Le poète expérimente la quête du moi qui est une conséquence du retour aux sources. Il propose un voyage initiatique et purificateur à travers les arrondissements de sa propre conscience. Il se fait impérialiste et se lance dans la conquête de lui-même (ou de la conscience nègre) pour une auto-socialisation à travers la « recolonisation de soi »[12]. Il s’agit d’une invite à la Renaissance de l’être noir dans son essence, un retour aux origines qui fondent, définissent et inaugurent l’Homme sur l’autel des valeurs ontologiques.
La « recolonisation de soi » donne lieu à un état de pureté, d’élévation, de dévotion propice à la méditation et à l’inspiration créatrice dont le poète a besoin pour être en « harmonie étale. »[13] Car les « senteurs océanes sont à hauteur de prière ». Dès lors, le poète retrouve son état de grâce. Son inspiration est comme traversée par les vagues d’une symphonie pastorale pour s’échouer sur la grève des sensations fortes. La poésie étant le fruit « d’un long et raisonné dérèglement des sens » comme nous l’a enseigné Arthur Rimbaud. Cette approche du processus de la création poétique n’est pas loin de celle que nous propose Jasmin Ahossin-Guézo au détour d’un poème bien étriqué intitulé L’inspiration : « L’inspiration, c’est quand le rêve a atteint l’autre bout de lui-même et qu’il est devenu une réalité intime. »[14] Ici, la création poétique doit obéir aux injonctions de l’intimité, du moi. Autrement dit, l’inspiration créatrice doit naître de la « recolonisation de soi », c’est-à-dire l’état pur, l’état dans lequel nous plonge le dérèglement raisonné et lucide de nos sens.
« Verve inlassable du diseur
Causeur impénitent, traqueur intermittent de maux »[15]
Voilà ce que devient le poète saisi par « la transe de l’inspiration »[16] même si « l’inspiration n’a qu’une seule vie : elle naît, grandit, émeut »[17].
La célébration des origines édéniques débouche sur l’exaltation de la femme. Il est donc loisible pour le lecteur de remplacer l’Afrique par une femme au « sourire de mémoire »[18]. Ahossin-Guézo s’adresse à cette femme dont la figure poétique se décline tantôt en partenaire sexuelle, tantôt en génitrice, tantôt en une enfant du nom de Shaïra A-G ou « Erégie princière langée de rose »[19]. Cette superposition des thèmes concourant à l’expression d’une même réalité (profonde aspiration aux valeurs nègres) au sein d’un ensemble de 60 poèmes, renforce le caractère suggestif de la poésie de ce jeune auteur.

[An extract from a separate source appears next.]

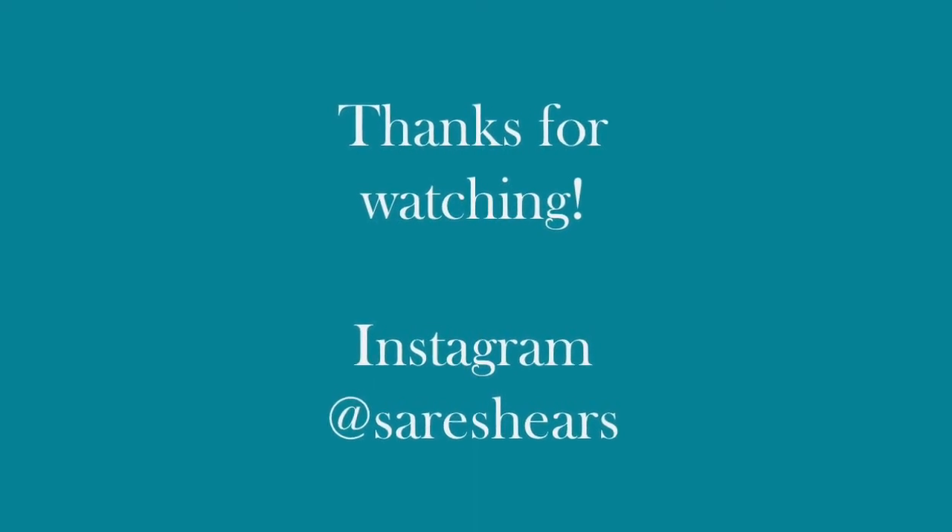I guess that's it for this week. Thanks for coming back and joining me. I so appreciate the comments on my last video welcoming me back — it made me all warm and fuzzy inside to know that you missed my videos. See you next time. Bye!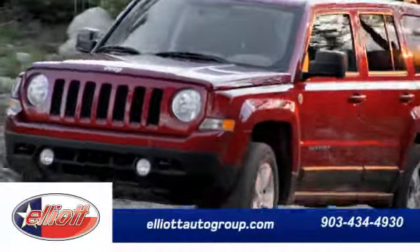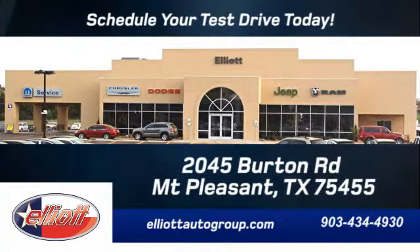Schedule your test drive today. We're located just off I-30 on Burton Road in Mount Pleasant.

« Repus d’amour comme d’un ciel trop grand »[20], le poète et l’être aimé ont partagé « une pomme, deux poires et quelques raisins »[21] car « c’est l’heure »[22] « pour commencer le film d’une nouvelle nuit. »[23] Chez Ahossin-Guézo, l’acte d’amour fonctionne comme un rituel au bout duquel les cellules d’un organe se régénèrent pour nourrir la vie. Chez ce poète, le plaisir sexuel se solde toujours par une note d’espoir, une résurrection du corps (corps social peut-être), un nouvel élan vers le bonheur, un nouveau départ dans le cycle des valeurs, une Renaissance (sociale, sentimentale ou politique) de sa « Terre » incarnée par la figure de la femme qu’il aime tant : « J’aime les femmes ! »[24] Quand on connaît la passion prononcée de l’auteur pour les femmes et les plaisirs de la chair, on comprend aisément les pages érotiques qui émaillent l’œuvre : « Certitude cardinale : ce soir, je vais t’aimer ! »[25] ; « Une femme. A peine. Et le désir à grands flots ! Un homme. Déjà. Et la raison aux calendes ! »[26] ; « Que faire de cette main statique d’attention ? L’initier à la descente vers l’empire du milieu ? Si près des abysses charnus de précipitation sanguine ? »[27] ;
« Ce soir, je dors ailleurs
Loin de tout
Loin de moi
Dans une alcôve improvisée
Jouissive d’ivresse coupable
[…]
…la fille, d’Eve…
et que l’amour soit ! »[28]
Le poème Habillée de nudité est la parfaite illustration de l’érotisme sous-jacent l’œuvre :
« Une carafe à même le sol
Une fille nue qui déambule
Des perles sur une hanche
Des veilleuses aux quatre coins de la vie
Une bouteille de bière dévidée en guet sur un coin de table
Et un reste de gâteau rassis
Nos vêtements épars jusqu’aux plus intimes
Fatras de désirs en vrac
[…]Et la fille nue qui s’évade du champ de mon poème
Pour revenir hanter mon texte, à peine habillée
D’une nudité têtue »[29]
La femme devient donc un territoire que le poète se fait l’utile plaisir d’arpenter afin que se propage chez les lecteurs « l’épiphanie de l’Amour »[30]. L’Amour étant la valeur cardinale à laquelle le poète aspire en définitive ; ici, cet Amour rime bien avec l’affirmation des valeurs de la civilisation noire. L’idée de nudité peut être perçue comme le retour à l’essence première caractéristique de l’Afrique, de ses valeurs profondes. Il va falloir que l’Afrique prenne conscience de sa nudité afin de mieux la protéger ou la faire valoir dans le concert des nations. Nous sommes au cœur d’une poésie dont la sémantique purement suggestive, est partagée entre le destin de la femme et celui d’une Afrique qui se laisse enculer par des verges impérialistes.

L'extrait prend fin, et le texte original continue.